How torsion affects a solid circular shaft
Circular shafts are widely used to transmit torque in rotating machinery such as drive shafts, couplings, gear trains, mixers, conveyors, and test rigs. When a torque T acts on a circular shaft, the material develops shear stress that increases linearly from the center, where it is zero, to the outer surface, where it reaches its maximum value. At the same time the shaft twists by an angle θ over its length L. This calculator applies the classical Saint-Venant torsion relationships for a solid circular shaft with constant diameter and a linearly elastic material. For many engineering problems that is the right first model, and it gives a very useful picture of both strength and stiffness.
Inputs and units
Unit consistency matters in torsion problems because the formulas mix geometry, material stiffness, and torque. This calculator accepts practical engineering units and converts them internally so the equations work in SI base units. The diameter is entered in millimeters, the length in meters, the torque in newton-meters, and the shear modulus in gigapascals. If your source data comes from a drawing in inches or a material table in ksi-based units, convert those values before entering them. A single unit mistake can change the result by orders of magnitude.
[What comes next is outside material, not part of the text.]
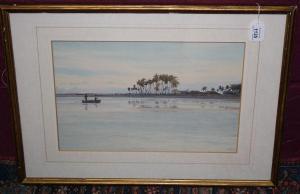 PIERROT,Twentieth century watercolour study of a tropical coastal scene,Reeman Dansie GB 2011-09-27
- Shaft diameter is entered in mm and converted to meters internally.
- Shaft length is entered in m.
- Applied torque is entered in N·m.
- Shear modulus G is entered in GPa and converted to pascals internally.
Typical shear modulus values help provide a quick reality check. Steel is often around 79 to 82 GPa, aluminum alloys around 26 to 28 GPa, and many polymers are far lower. Because the angle of twist is inversely proportional to G, using a value that is too high can make a flexible shaft appear much stiffer than it really is.
Key formulas used
For a solid circular shaft with radius r, where r = d/2, the polar moment of inertia is:
The same geometry term appears in both the stress and twist equations, which is why diameter influences both results so strongly. In plain text, the calculator uses these relationships:
- J = π r4 / 2
- τmax = T r / J
- θ = T L / (J G)
The first formula measures the cross-section’s resistance to torsion. The second gives the maximum shear stress at the outer surface. The third gives the total angle of twist over the entered length. Because J contains r4, diameter changes are amplified: if the radius increases slightly, J increases a lot, and both stress and twist drop.
Interpreting the results
Shear stress check
Compare the computed τmax to an allowable shear stress from your material and design standard. A safe limit depends on yield strength, ultimate strength, fatigue requirements, surface condition, temperature, safety factor, and details such as keyways, splines, or shoulders. If the nominal stress is too high, the usual fixes are increasing diameter, lowering torque, choosing a stronger material, or redesigning the shaft layout. Diameter is often the most effective lever because of the fourth-power relationship hidden inside J.
Angle of twist check
Even when stress is acceptable, excessive twist can still cause trouble. A shaft that twists too much can reduce positioning accuracy, soften control response, disturb gear meshing, increase vibration sensitivity, or create alignment issues between components. Some applications limit total twist over a span, while others specify twist per unit length. This is a serviceability or stiffness check rather than a pure strength check, and it often governs in precision machinery or long slender shafts.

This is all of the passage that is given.